By | Published on Thursday 5 April 2012

MAMA Group

As HMV goes through the motions of selling the MAMA Group, speculation is rising regarding the future of some of the live firm’s key units as senior execs look to depart, seemingly unhappy at the prospect of their business being swallowed up by a bigger entertainment group – AEG Live and Sony Music having been widely tipped as key bidders for HMV’s live company.

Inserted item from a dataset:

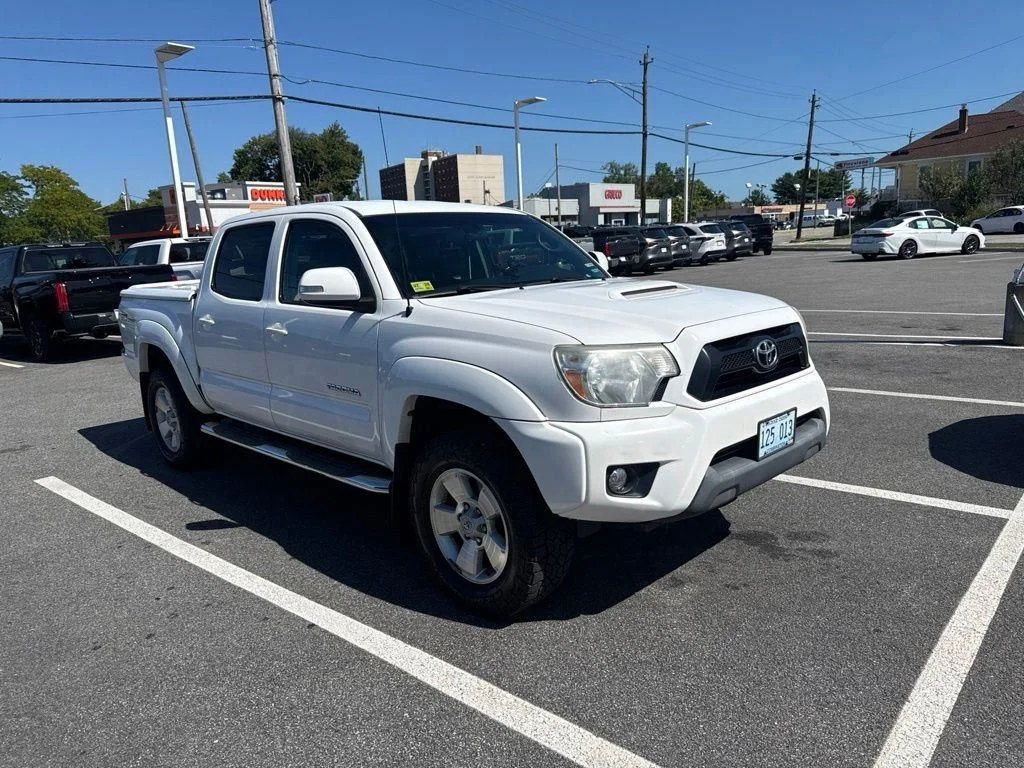 Used 2015 White Toyota Base image 1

As much previously reported, HMV announced it was undertaking a ‘strategic review’ of the MAMA Group late last year, which basically meant the company, acquired by the flagging retailer in 2010, was up for sale. It was no secret that HMV needed to raise further cash to reduce its debt liabilities with increasingly nervous bankers, and a MAMA sale was always on the cards, though it’s thought some of the live firm’s directors were annoyed at the speed with which the sale was announced – amidst reports of further disappointing pre-Christmas sales figures on the high street – and have become increasingly concerned at the way the bidding process is being handled.

As a result three directors are seemingly departing the company, impacting on two key parts of the MAMA business: sponsorship and artist management. In the former domain, there was chatter online last week that Rory Bett, the founder and MD of MAMA’s all important sponsorship business Music & Media Solutions, had tendered his resignation. Meanwhile rumour has it two key players from the company’s SuperVision management agency also plan to leave the company later this month, and MAMA’s artist management unit is likely to be wound down as a result.

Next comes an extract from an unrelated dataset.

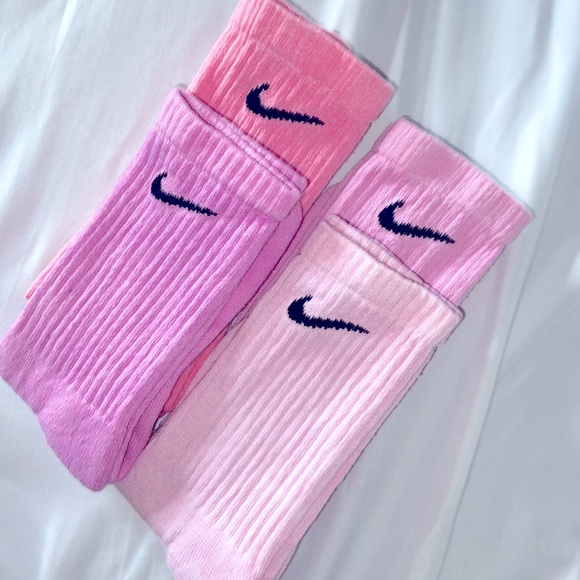COPY - ALL PINKS 4PACK NIKE CUSTOM SOCKS 💕 - Picture 4 of 5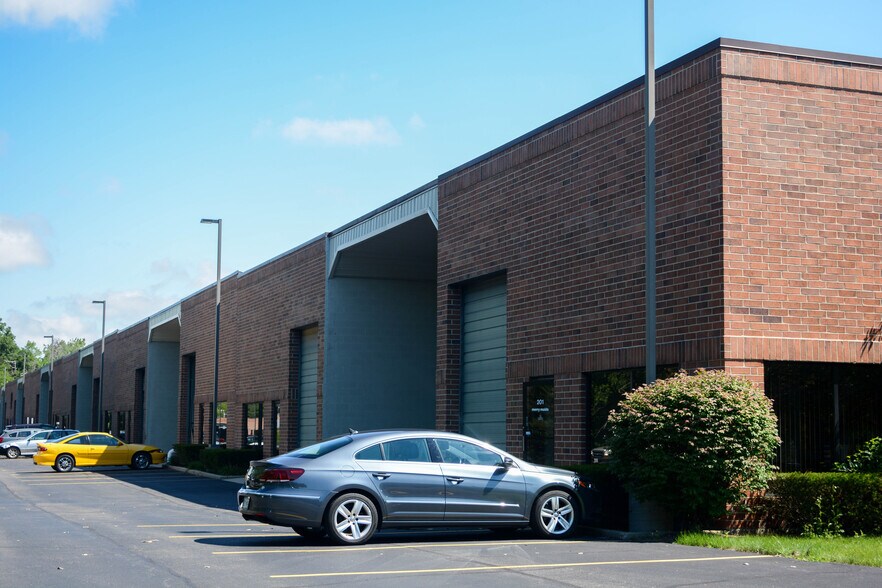 888 E Belvidere Rd, Grayslake, IL à louer - Photo de l’immeuble – Image 3 sur 9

While that still leaves the larger venue and festivals side of the company, if key execs there were also to leave the buyers of MAMA might find themselves in the situation Terra Firma created at EMI – ie without the key people who have provided the personal links to artists and managers (and in MAMA’s case agents and festival partners) over the years, it becomes increasingly hard to secure the artistic talent required for success. Sources close to the G-A-Y enterprise, in which MAMA is a shareholder, say management there, led by founder Jeremy Joseph, are already reviewing their options in case their personal contacts within the MAMA empire leave during any sale.

Of course some buyers – including AEG and at least one other London theatre owner thought to be bidding – might only be interested in the MAMA venue real estate, and in particular the Hammersmith Apollo. But for other bidders – possibly including Sony, whose interest likely goes beyond buildings – losing key executives in booking, sponsorship and management, and the impact that could have on partnerships with profitable brands like G-A-Y, could be an issue.

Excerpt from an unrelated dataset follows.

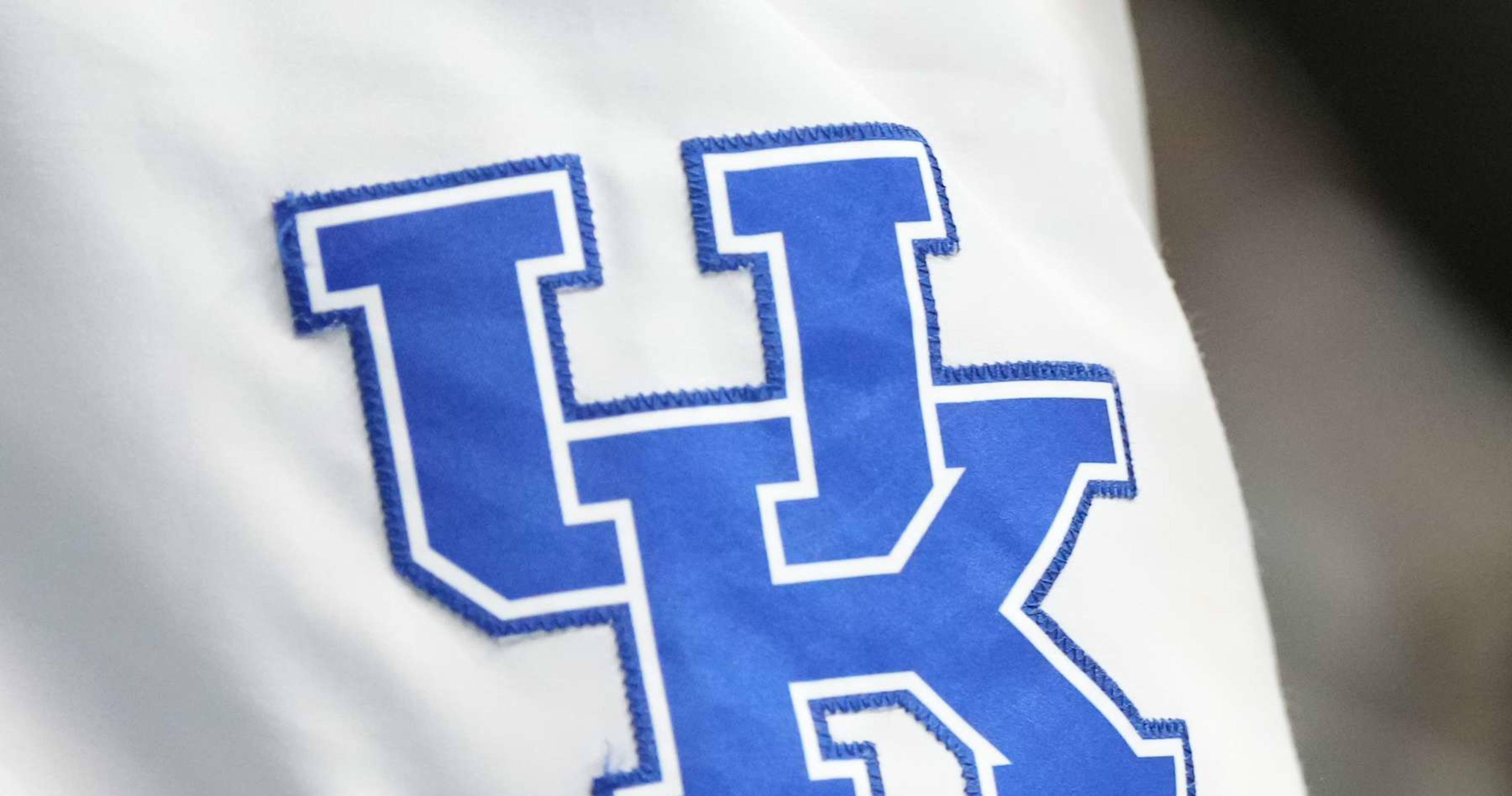 Video: Kentucky CBB Unveils Court with LED Video Floor for Big Blue Madness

Some other MAMA directors are still expected to make a bid themselves for some or all of the company and, as previously reported, there has been speculation that AEG might bid for the bigger venues, leaving the rest of the group to be sold as a standalone entity, though it’s not clear whether such a split sale has been formally proposed by any of the bidders to date. It’s thought second stage bids should be filed with HMV later this month.